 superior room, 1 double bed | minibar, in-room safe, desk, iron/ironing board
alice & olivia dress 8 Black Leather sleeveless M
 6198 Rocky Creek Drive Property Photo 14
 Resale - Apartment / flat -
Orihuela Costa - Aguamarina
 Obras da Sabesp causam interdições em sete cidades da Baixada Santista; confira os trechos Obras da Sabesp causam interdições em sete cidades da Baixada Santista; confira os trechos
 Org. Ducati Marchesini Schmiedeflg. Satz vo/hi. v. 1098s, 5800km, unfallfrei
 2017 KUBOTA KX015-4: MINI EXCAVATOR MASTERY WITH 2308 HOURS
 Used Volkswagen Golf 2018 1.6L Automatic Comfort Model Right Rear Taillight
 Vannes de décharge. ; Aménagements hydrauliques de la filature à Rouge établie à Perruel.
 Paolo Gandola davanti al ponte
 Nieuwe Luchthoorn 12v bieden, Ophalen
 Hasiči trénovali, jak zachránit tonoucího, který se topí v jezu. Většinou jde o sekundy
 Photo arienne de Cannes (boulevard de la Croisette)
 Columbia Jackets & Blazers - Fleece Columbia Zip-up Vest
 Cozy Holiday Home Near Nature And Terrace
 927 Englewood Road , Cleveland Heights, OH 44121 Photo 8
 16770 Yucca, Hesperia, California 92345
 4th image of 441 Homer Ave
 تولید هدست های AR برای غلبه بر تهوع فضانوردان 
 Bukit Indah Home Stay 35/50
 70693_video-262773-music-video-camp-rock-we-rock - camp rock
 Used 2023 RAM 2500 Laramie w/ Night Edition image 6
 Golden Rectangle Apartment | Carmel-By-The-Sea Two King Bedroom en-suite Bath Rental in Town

How to complete this task: Transcribe, exactly as written, all lines of the entries above from the first to the one containing "Nieuwe Luchthoorn 12v bieden, Ophalen", and no more.

Solution for this exercise:
 superior room, 1 double bed | minibar, in-room safe, desk, iron/ironing board
alice & olivia dress 8 Black Leather sleeveless M
 6198 Rocky Creek Drive Property Photo 14
 Resale - Apartment / flat -
Orihuela Costa - Aguamarina
 Obras da Sabesp causam interdições em sete cidades da Baixada Santista; confira os trechos Obras da Sabesp causam interdições em sete cidades da Baixada Santista; confira os trechos
 Org. Ducati Marchesini Schmiedeflg. Satz vo/hi. v. 1098s, 5800km, unfallfrei
 2017 KUBOTA KX015-4: MINI EXCAVATOR MASTERY WITH 2308 HOURS
 Used Volkswagen Golf 2018 1.6L Automatic Comfort Model Right Rear Taillight
 Vannes de décharge. ; Aménagements hydrauliques de la filature à Rouge établie à Perruel.
 Paolo Gandola davanti al ponte
 Nieuwe Luchthoorn 12v bieden, Ophalen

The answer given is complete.